In the material below, find the line containing "Cinch Men's S/S" and the line containing "Penguin Santa Happy", then reproduce exactly both of them and every line between, and nothing else.

* INFORMATION PROVIDED *

--- START ---

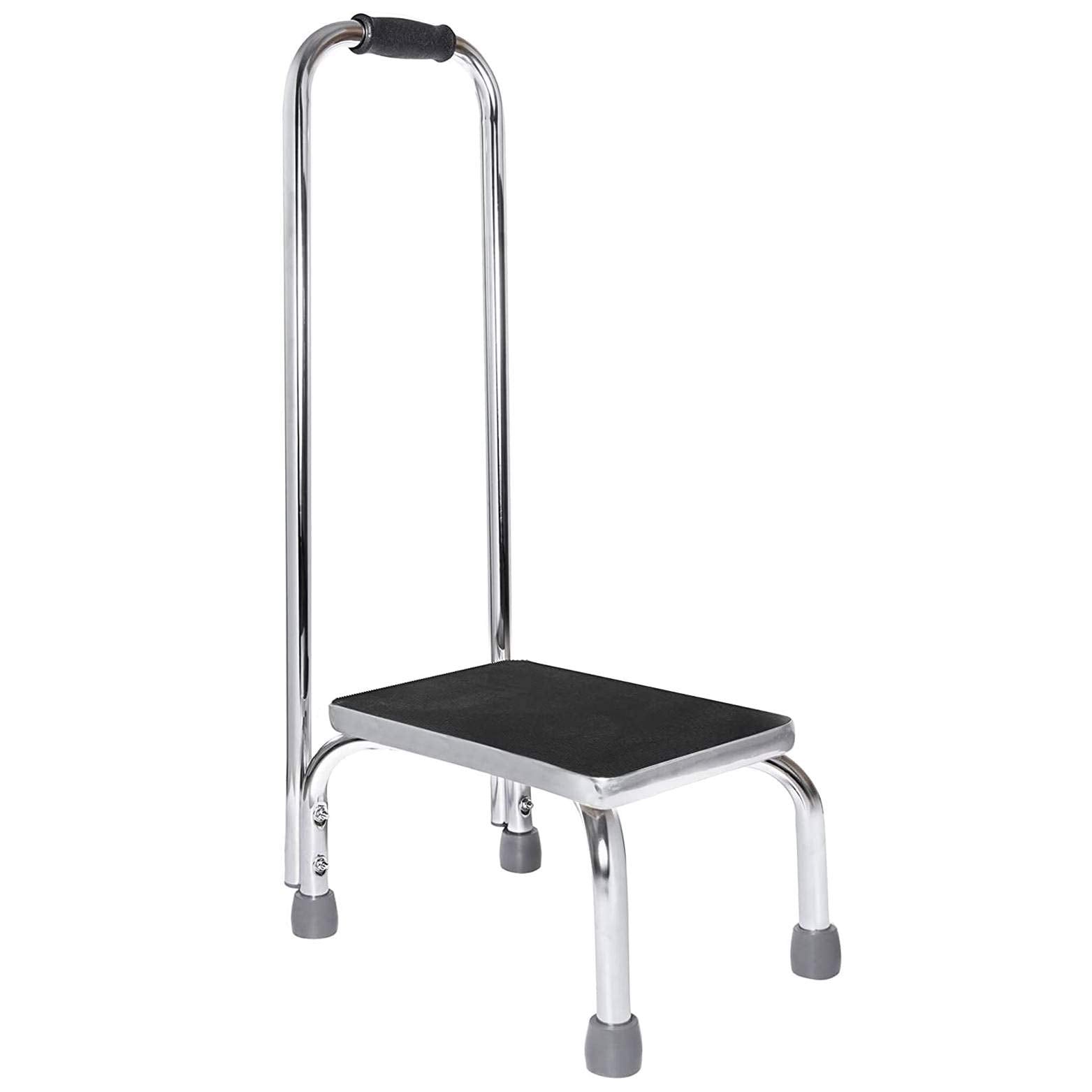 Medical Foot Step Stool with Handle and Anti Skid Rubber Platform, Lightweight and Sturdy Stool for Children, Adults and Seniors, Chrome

--- END ---
--- START ---

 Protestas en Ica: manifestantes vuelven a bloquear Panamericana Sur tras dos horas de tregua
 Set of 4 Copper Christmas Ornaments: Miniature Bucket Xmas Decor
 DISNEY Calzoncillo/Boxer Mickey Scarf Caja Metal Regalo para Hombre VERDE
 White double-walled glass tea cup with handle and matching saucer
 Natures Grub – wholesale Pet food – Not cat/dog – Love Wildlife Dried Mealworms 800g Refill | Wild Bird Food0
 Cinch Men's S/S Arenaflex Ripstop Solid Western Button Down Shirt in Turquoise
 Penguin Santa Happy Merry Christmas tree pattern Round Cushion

--- END ---

* PROBLEM SOLUTION *
 Cinch Men's S/S Arenaflex Ripstop Solid Western Button Down Shirt in Turquoise
 Penguin Santa Happy Merry Christmas tree pattern Round Cushion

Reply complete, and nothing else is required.